Recognizing My Internal "Racism" As An Asian Woman Is The Only Way for Me to Fix It

When I wrote my story for xoJane, I did so to spark dialogue and because I know that honestly and brutally looking at my issues is the only way to go about changing myself and spurring debate.
Publish date:
September 4, 2012
IHTM, jenny an, internal racism

"I'm an Asian Woman and I Refuse to Ever Date an Asian Man" was an indictment of myself -- and an indictment of the racism exhibited every time minorities say, "I don't date my own race because..."

I can't tell you how many times I've heard that "Western features are just more attractive." When we accept that, we're willingly accepting White Supremacy -- the idea that being white is the cultural normal -- into our lives without questioning it.

Lots of minorities engage in this. And it's easy to hide behind "It's just personal preference" or we didn't like the culture we grew up in. I wanted to show that personal preference has much deeper implications.

Because let me blow your mind here: I've dated an Asian guy before. I know! Shocker! Writers create characters. Call it first-person character, a writerly persona, performance art, whatever. Stir in some strong statements to make it more bloggable, call it a troll if you will. Or call it saying: I'd never, ever, ever do this, but it's just, yeah, I don't do it all that often.

The character embodies thoughts of self-race annihilation I've considered, especially when I was younger, because it would take a lot stronger of a person than I am to never wonder, "Would my life have been easier if I were white?"

Because being a minority is a constant reminder that you're different, an outsider, whether it's when people catcall you in the street "ni hao" or when people's question on a job interview is, "What is your heritage?"

I wrote this story because I've also been that person who says, "Oh, I'd never date an Asian guy! It's just not my thing!" -- and I'm owning my shit. And that's just what it is. Not bragging rights. Not something to be proud of. But a reality. My own personal dumb shit that I've also heard from my Asian female (and male) friends before. I've heard a lot of Asian male friends complain about it.

Lots of people don't realize that it's a manifestation of self-racism. I wanted to show that. To admit that when I say that, I was racist, too.

That is how racism works. It creates self-racism.


The Asian-American experience is different, and I wouldn't change my real-life upbringing. But I think that people shouldn't always have to love it all the time and should be allowed to say it without supposedly setting back the community.

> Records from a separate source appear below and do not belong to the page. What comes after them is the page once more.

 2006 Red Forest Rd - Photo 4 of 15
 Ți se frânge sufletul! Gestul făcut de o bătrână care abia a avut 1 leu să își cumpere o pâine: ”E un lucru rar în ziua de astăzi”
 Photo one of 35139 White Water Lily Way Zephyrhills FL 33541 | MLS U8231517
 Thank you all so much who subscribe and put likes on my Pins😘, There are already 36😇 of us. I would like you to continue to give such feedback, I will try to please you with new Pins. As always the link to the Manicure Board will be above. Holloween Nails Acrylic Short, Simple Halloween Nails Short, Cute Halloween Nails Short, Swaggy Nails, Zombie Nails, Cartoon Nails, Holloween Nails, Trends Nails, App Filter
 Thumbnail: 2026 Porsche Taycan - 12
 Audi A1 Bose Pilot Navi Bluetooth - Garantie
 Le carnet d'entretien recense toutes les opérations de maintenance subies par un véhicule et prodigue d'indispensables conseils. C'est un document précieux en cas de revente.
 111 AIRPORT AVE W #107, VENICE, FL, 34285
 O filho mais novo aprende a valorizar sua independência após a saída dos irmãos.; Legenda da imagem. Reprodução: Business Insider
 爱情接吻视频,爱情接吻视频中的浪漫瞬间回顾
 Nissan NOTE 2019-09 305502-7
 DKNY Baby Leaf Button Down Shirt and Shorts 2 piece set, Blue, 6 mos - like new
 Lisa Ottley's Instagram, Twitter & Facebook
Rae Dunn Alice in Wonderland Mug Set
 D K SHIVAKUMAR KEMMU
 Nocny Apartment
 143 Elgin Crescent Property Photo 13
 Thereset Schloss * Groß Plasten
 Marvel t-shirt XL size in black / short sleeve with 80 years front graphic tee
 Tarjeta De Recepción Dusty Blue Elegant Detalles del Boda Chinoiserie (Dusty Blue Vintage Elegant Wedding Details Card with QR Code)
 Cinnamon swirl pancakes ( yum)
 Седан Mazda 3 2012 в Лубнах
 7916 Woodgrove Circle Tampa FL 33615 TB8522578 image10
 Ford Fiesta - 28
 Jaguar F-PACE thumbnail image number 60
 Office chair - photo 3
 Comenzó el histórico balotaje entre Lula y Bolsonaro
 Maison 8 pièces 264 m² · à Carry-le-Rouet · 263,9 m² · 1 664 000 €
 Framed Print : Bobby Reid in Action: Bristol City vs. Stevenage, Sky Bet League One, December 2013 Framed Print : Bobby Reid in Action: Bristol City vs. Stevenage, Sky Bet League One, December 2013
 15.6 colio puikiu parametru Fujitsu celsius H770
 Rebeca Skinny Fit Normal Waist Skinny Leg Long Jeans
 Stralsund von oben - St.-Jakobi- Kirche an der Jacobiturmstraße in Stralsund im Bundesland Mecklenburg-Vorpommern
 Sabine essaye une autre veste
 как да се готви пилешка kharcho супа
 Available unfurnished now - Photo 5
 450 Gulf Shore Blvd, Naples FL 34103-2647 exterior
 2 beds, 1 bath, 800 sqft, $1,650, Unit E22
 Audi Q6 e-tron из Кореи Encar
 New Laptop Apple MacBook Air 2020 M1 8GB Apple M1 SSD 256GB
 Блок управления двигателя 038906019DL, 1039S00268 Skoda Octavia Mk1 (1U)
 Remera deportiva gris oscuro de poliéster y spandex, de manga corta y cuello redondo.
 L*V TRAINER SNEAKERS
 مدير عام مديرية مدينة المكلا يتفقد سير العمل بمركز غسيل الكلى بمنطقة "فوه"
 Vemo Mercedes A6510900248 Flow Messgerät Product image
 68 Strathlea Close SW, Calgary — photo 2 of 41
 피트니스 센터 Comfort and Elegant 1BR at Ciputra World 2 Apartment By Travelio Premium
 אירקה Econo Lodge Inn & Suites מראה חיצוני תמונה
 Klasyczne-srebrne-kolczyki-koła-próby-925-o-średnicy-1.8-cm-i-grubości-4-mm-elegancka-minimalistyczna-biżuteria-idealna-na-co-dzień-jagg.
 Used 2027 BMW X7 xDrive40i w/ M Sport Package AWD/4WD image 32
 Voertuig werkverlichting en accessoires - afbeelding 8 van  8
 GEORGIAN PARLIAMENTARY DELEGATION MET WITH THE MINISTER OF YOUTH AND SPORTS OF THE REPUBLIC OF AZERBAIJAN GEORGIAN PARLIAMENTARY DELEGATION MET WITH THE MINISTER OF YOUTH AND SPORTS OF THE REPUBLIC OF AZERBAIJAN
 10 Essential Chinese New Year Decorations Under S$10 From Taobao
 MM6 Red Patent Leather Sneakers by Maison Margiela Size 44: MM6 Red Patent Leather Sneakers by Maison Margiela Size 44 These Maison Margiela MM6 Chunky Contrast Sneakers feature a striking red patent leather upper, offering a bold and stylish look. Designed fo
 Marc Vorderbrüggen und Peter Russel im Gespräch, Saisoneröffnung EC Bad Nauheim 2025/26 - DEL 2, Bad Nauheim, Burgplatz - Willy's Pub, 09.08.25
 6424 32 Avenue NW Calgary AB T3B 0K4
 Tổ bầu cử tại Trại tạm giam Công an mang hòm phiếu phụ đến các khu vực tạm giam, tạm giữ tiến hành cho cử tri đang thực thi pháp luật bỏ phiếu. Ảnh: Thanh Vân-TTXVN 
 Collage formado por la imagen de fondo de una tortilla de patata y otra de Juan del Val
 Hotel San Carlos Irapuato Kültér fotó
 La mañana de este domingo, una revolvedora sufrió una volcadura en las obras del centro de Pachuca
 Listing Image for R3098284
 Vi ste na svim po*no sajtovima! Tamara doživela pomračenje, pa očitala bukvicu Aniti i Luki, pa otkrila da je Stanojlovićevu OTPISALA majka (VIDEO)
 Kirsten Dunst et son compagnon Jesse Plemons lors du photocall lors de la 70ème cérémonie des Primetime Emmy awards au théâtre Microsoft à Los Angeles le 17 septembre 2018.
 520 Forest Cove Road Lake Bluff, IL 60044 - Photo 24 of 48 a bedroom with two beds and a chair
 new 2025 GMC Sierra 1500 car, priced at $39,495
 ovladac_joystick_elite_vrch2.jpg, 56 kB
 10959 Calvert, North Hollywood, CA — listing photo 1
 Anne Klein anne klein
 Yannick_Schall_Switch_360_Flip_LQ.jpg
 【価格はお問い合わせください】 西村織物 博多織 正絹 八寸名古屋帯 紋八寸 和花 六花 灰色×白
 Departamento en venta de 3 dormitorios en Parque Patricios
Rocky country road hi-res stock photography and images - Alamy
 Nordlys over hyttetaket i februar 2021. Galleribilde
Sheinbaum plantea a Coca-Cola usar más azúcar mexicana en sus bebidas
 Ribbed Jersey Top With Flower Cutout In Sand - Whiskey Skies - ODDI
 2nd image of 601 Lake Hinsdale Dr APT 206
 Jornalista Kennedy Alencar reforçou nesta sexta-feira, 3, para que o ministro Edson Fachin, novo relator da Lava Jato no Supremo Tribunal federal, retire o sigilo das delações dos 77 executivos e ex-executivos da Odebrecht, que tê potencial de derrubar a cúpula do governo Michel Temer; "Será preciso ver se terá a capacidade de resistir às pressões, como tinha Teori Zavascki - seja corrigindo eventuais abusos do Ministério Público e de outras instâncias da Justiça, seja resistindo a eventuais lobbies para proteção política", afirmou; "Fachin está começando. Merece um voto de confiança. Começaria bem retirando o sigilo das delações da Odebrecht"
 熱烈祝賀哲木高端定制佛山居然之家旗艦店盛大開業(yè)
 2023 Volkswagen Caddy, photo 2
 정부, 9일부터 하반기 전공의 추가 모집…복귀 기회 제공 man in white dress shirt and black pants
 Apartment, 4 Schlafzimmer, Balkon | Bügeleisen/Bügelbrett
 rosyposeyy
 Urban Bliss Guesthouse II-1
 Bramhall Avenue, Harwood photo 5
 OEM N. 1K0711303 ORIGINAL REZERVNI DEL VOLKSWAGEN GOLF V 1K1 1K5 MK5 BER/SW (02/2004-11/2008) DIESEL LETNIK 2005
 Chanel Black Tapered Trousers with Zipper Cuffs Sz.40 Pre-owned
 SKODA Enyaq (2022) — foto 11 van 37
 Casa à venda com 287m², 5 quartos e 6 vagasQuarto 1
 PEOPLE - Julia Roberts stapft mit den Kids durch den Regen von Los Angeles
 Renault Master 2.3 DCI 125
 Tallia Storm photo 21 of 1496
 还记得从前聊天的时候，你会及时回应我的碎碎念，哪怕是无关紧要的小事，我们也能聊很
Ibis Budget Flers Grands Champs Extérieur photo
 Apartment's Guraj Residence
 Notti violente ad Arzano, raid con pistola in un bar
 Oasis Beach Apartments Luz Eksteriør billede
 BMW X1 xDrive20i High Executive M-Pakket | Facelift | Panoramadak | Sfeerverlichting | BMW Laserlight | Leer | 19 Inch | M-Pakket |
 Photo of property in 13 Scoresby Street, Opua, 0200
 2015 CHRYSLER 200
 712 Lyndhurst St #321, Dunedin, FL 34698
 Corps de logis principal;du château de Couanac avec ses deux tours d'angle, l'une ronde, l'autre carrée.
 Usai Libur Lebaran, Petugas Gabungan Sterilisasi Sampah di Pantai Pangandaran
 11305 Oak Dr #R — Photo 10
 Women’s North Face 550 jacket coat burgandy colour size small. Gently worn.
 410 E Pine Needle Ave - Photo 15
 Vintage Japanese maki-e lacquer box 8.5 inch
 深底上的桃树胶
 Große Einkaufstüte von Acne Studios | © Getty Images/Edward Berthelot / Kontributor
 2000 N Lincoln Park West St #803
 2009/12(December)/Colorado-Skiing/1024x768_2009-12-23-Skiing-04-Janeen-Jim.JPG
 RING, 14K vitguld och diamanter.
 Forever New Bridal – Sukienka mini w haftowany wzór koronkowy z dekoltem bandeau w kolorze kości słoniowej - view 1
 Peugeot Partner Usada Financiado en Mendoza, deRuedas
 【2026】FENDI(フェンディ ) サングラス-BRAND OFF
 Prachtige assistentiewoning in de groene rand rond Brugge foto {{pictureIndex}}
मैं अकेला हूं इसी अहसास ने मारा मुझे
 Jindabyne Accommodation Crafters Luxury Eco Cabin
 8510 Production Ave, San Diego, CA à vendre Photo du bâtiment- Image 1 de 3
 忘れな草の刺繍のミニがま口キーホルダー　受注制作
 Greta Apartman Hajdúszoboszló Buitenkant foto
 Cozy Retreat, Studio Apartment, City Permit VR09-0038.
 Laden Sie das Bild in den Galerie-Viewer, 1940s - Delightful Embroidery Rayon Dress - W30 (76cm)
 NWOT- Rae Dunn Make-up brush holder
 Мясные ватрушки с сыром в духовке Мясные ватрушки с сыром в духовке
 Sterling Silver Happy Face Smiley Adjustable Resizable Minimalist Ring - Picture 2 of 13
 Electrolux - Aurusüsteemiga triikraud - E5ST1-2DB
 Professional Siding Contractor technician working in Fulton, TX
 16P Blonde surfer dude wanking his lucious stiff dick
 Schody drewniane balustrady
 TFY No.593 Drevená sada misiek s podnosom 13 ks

I think people should be allowed to be disappointed at feeling different. It's a testament to the damaging power of racism.

And I think knowing what you're feeling when you say you prefer people who look differently than you -- is feeling that what you look like is less than.

The article is written not as a proclamation that being Asian is bad. It is written to know otherness and that often, that manifests in self-loathing.

I wish someone would have told me earlier that these feelings of otherness are normal, that you just have to recognize them and be truthful. That those feelings are internalized racism so you can resolve them to expunge yourself of it.

Until I could say out loud that I was racist toward Asians, I couldn't accept my Asian-American self.


The movies, magazines and culture at large proclaim that white is the norm, and that's dangerous. But it's even more dangerous to not acknowledge that it plays in our brains.

It's important to see how the world around us pushed minorities on their way toward "assimilation," that ridiculous "to celebrate" thing. To acknowledge that it is white norms telling us what is normal is the first step to breaking out of that internal racism. You have to know thy enemy.

Even when the enemy is thyself.

Of course it's destructive to think that white culture is all there is to culture. That's the fucking point of the story. I assumed we were at a place in race real-talk where it could be assumed that it's unhealthy. Apparently, not.

Nobody wants to be a racist. And by proclaiming my character as one, I thought I was stating that the position I was presenting was in the wrong. I didn't think I needed to unpack that one.


And on the note of Asian men specifically, clearly, they should be who they are. If there has ever been a case of, "It's not you, it's me" -- this is it. They should just not date girls with fucked up race issues. Yeah, don't do that.